*Task statement:*
From the listing below, please restate exactly the lines beginning at the one with "104 Forsey Avenue, Saskatoon, SK - Outdoor" and ending at the one with "pocketrocket_ — 3", both included, and skip the pictures.
(Input for this task Opens)
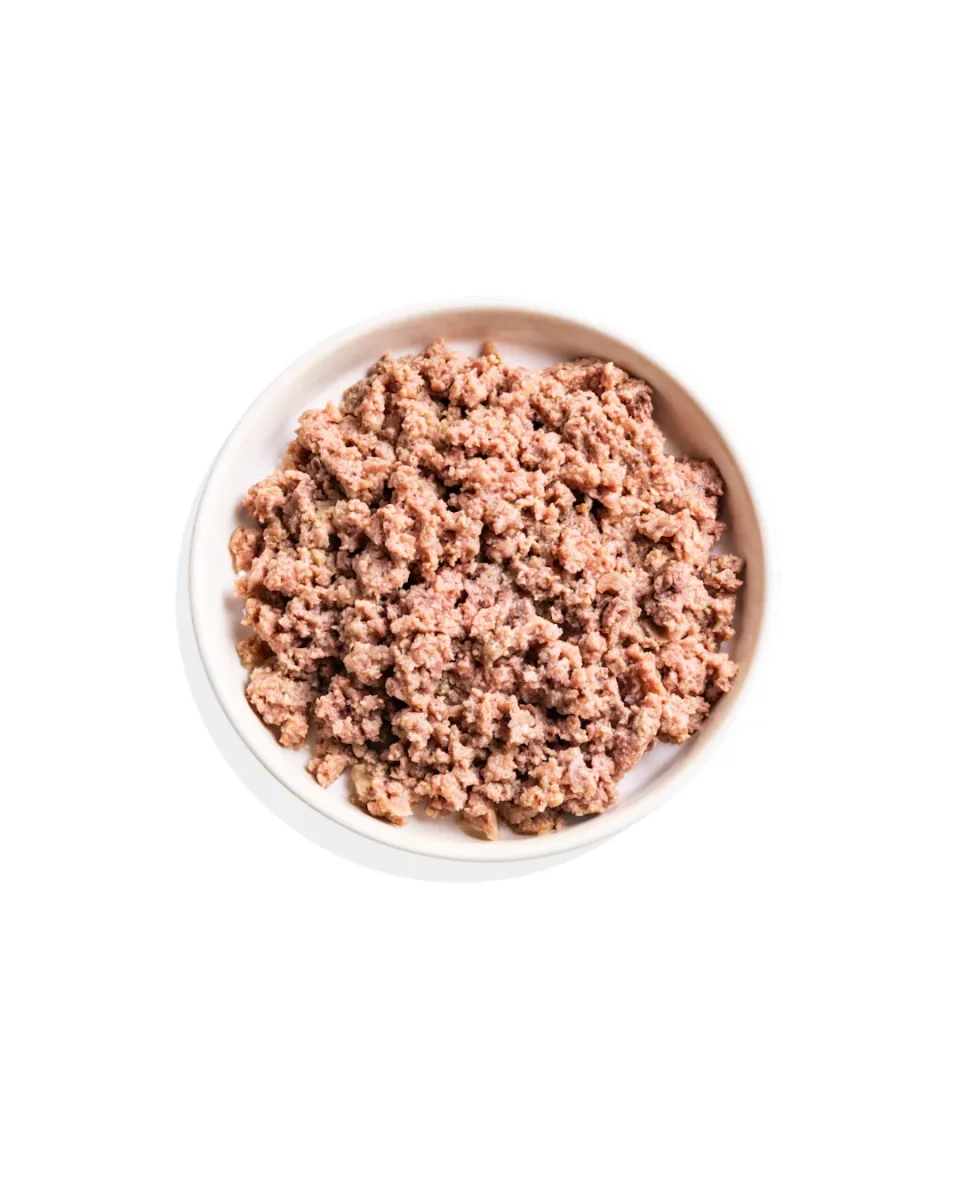 Edgard & Cooper - Cat Kitten Grain Free Patè Anatra e Pollo 85 g - immagine 3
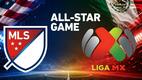 La evolución del All-Star Game de la MLS hasta enfrentar a la Liga MX (FOTO: Especial)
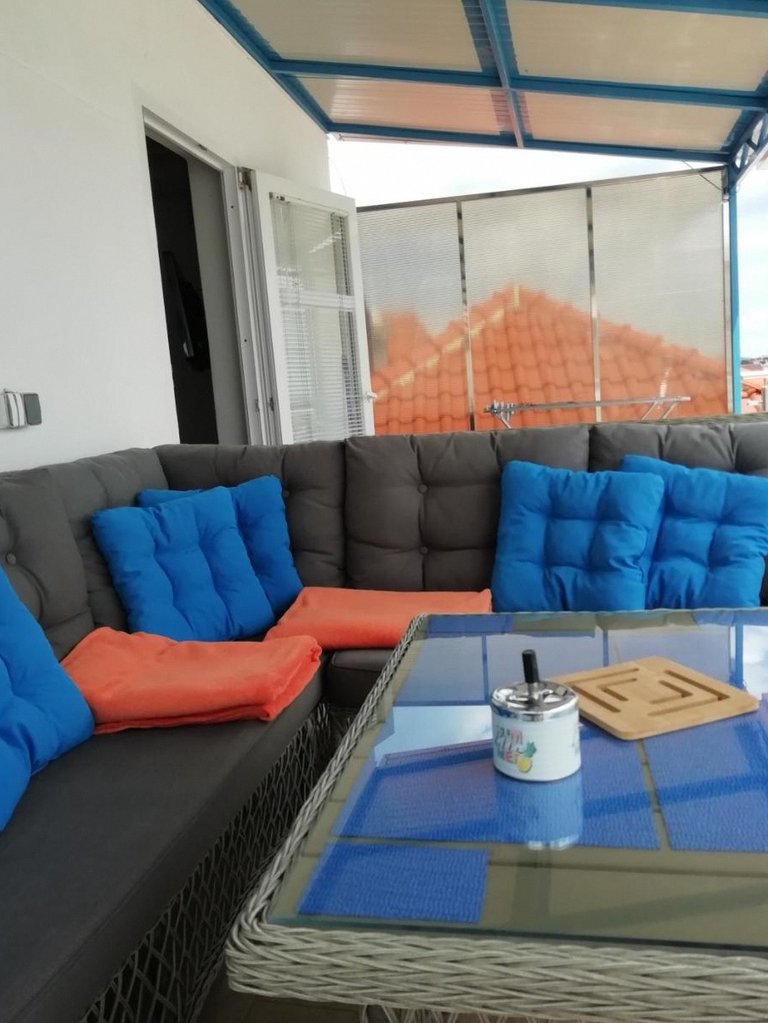 Apartman Zana 2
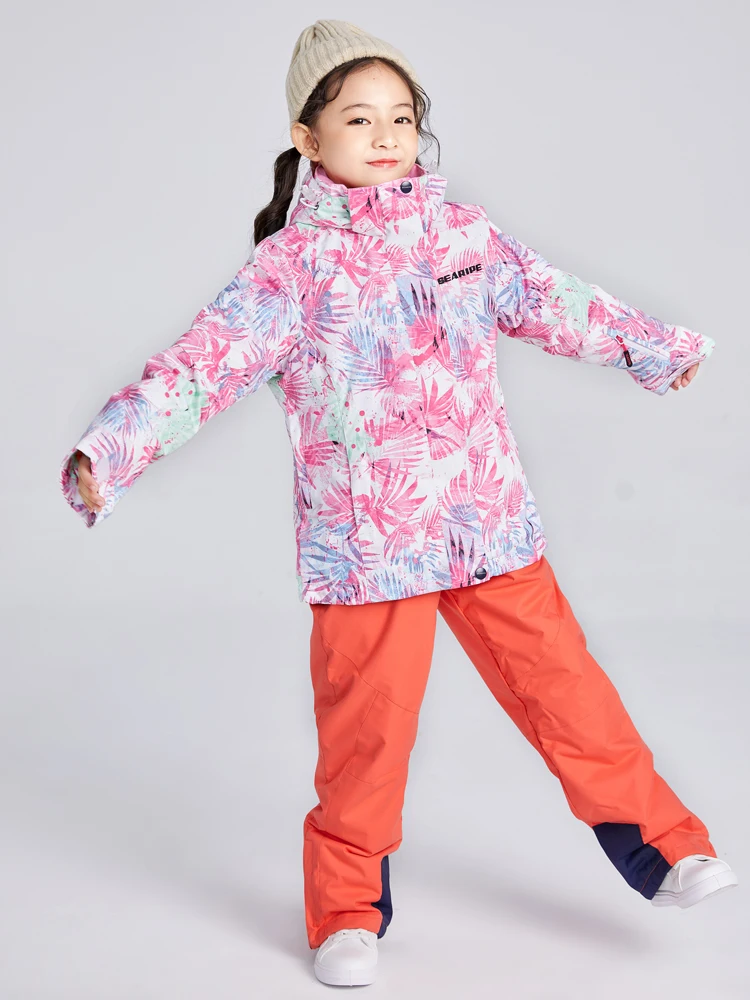 

ski suit kids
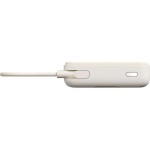 WPB1007Z powerban.10000mAh Beige XIAOMI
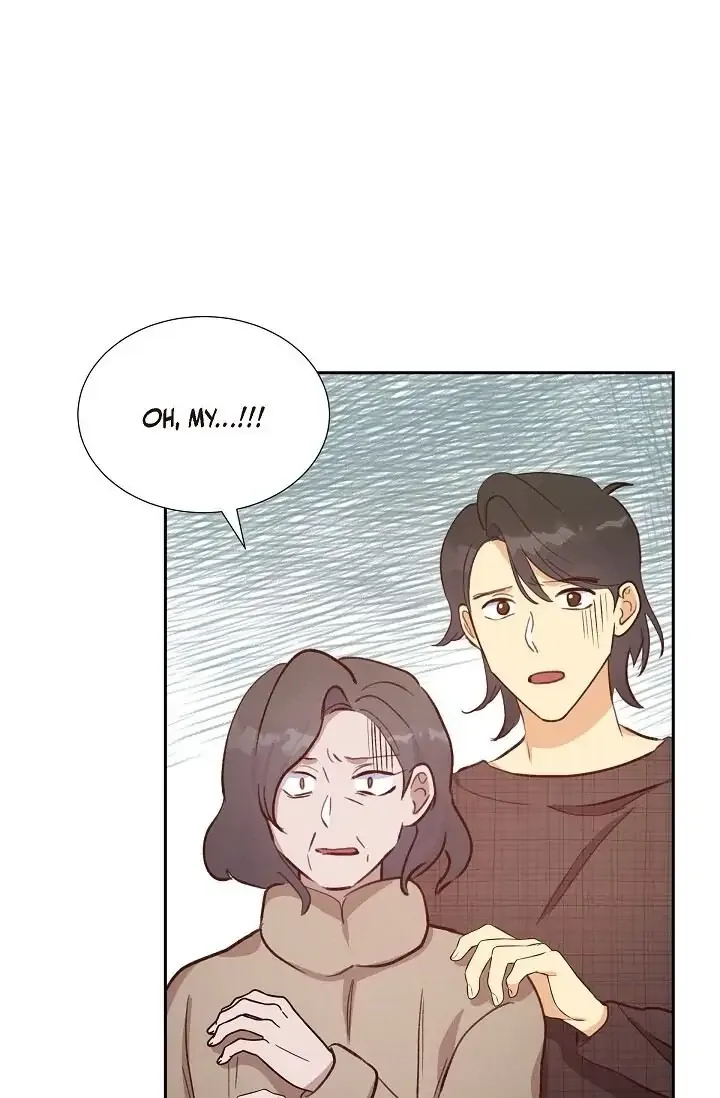 A Spoonful Of Your Love Chapter 23 page 4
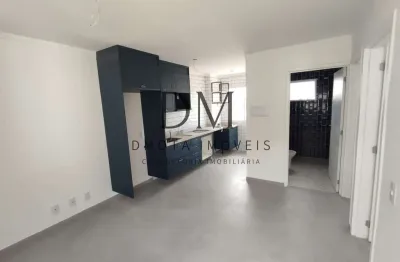 Apartamento com 2 quartos à venda na Rua Onófrico Derencio, 647, Vila Brasileira, Mogi das Cruzes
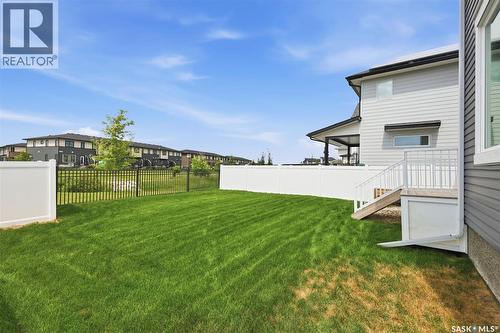 104 Forsey Avenue, Saskatoon, SK - Outdoor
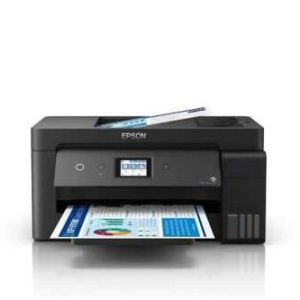 Epson EcoTank L14150 A3+ Wi-Fi Duplex Wide-Format All-in-One Ink Tank Printer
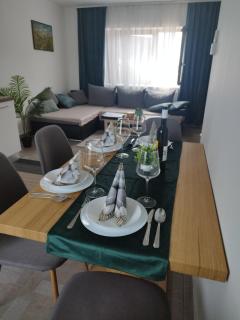Kuća za odmor Ria - 8
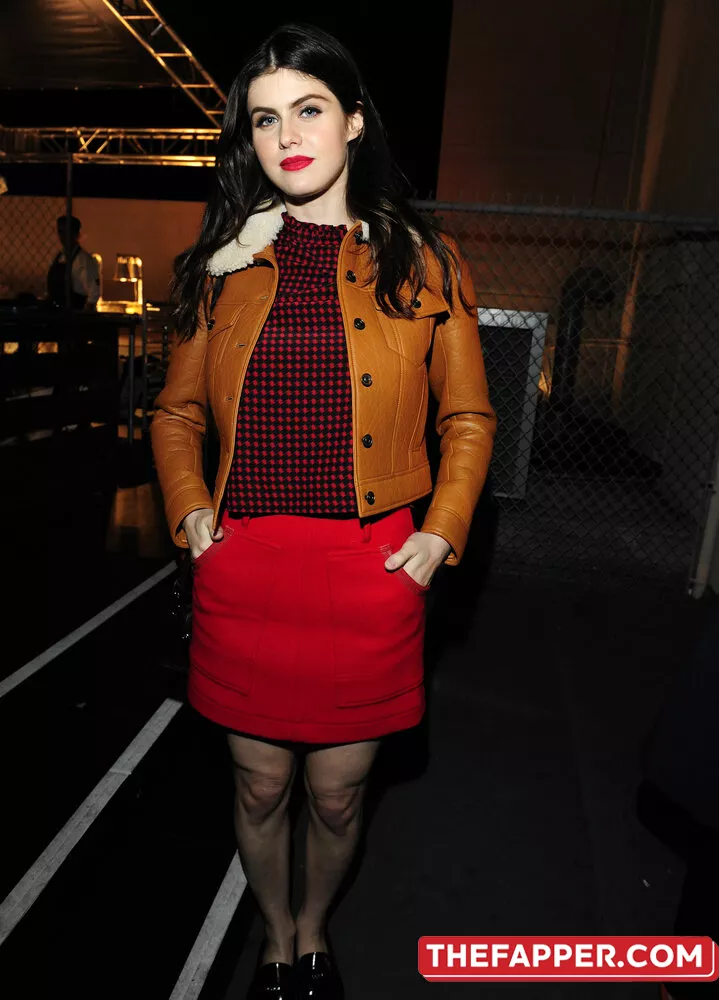 Alexandra Daddario  Onlyfans Leaked Nude Image #QICOqd4TaT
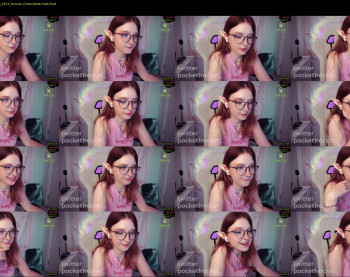 pocketrocket_ — 3 minute Chaturbate female naked cam show, 720p, Jun 10, 2024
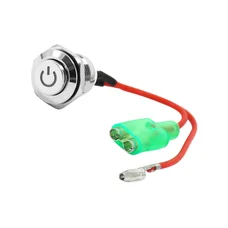 INTERRUPTEUR DE DEMARRAGE SWITCH ON/OFF POUR TROTTINETTE ELECTRIQUE DUALTRON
(Input for this task Closes)
*Result below:*
 104 Forsey Avenue, Saskatoon, SK - Outdoor
 Epson EcoTank L14150 A3+ Wi-Fi Duplex Wide-Format All-in-One Ink Tank Printer
Kuća za odmor Ria - 8
 Alexandra Daddario  Onlyfans Leaked Nude Image #QICOqd4TaT
 pocketrocket_ — 3 minute Chaturbate female naked cam show, 720p, Jun 10, 2024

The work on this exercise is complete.